PROVIDED DATA ->
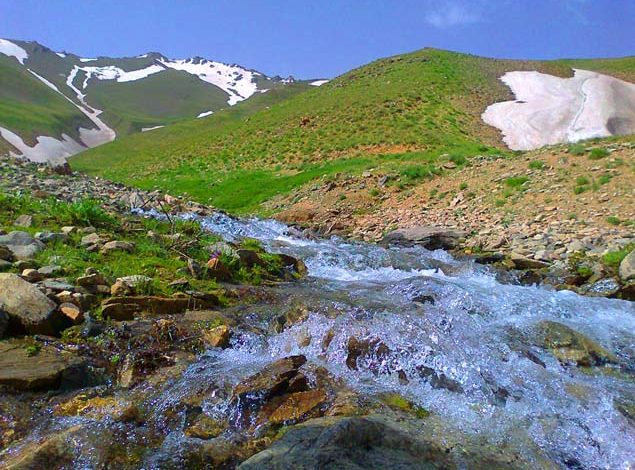 1765648114 702 روستای علم کندی و منطقه قارقالان استان زنجان ماهنشان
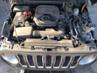 JEEP WRANGLER SAHARA 4XE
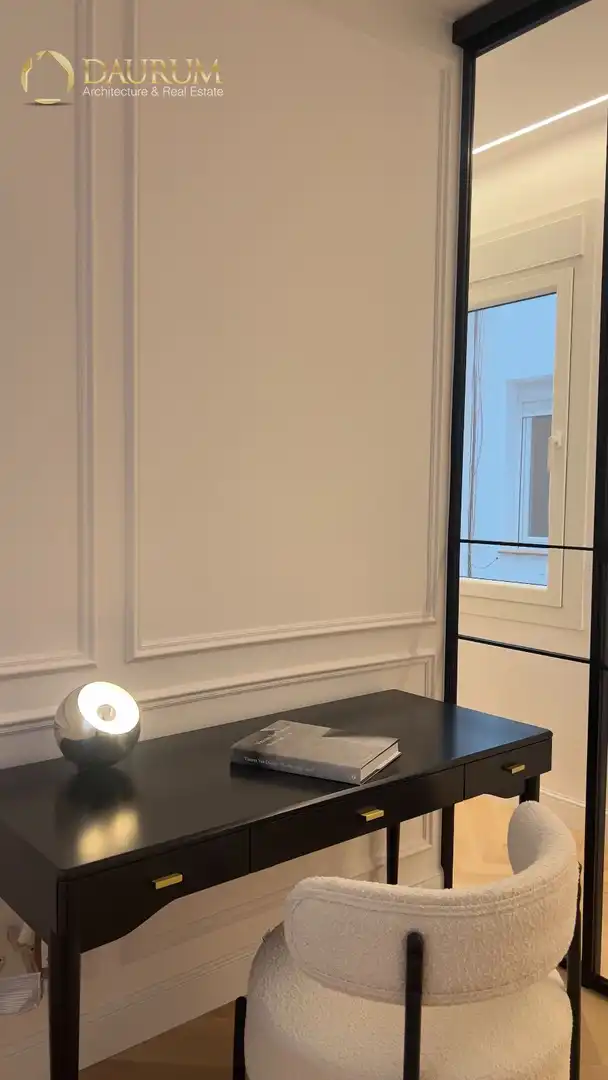 Wohnung mit Aufzug zum Verkauf in Francisco Silvela, imagen 33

WHAT YOU WILL DO -> None of the pictures should appear, though every line of the data above must be reproduced exactly.

ANSWER TO THIS EXERCISE ->
 1765648114 702 روستای علم کندی و منطقه قارقالان استان زنجان ماهنشان
 JEEP WRANGLER SAHARA 4XE
 Wohnung mit Aufzug zum Verkauf in Francisco Silvela, imagen 33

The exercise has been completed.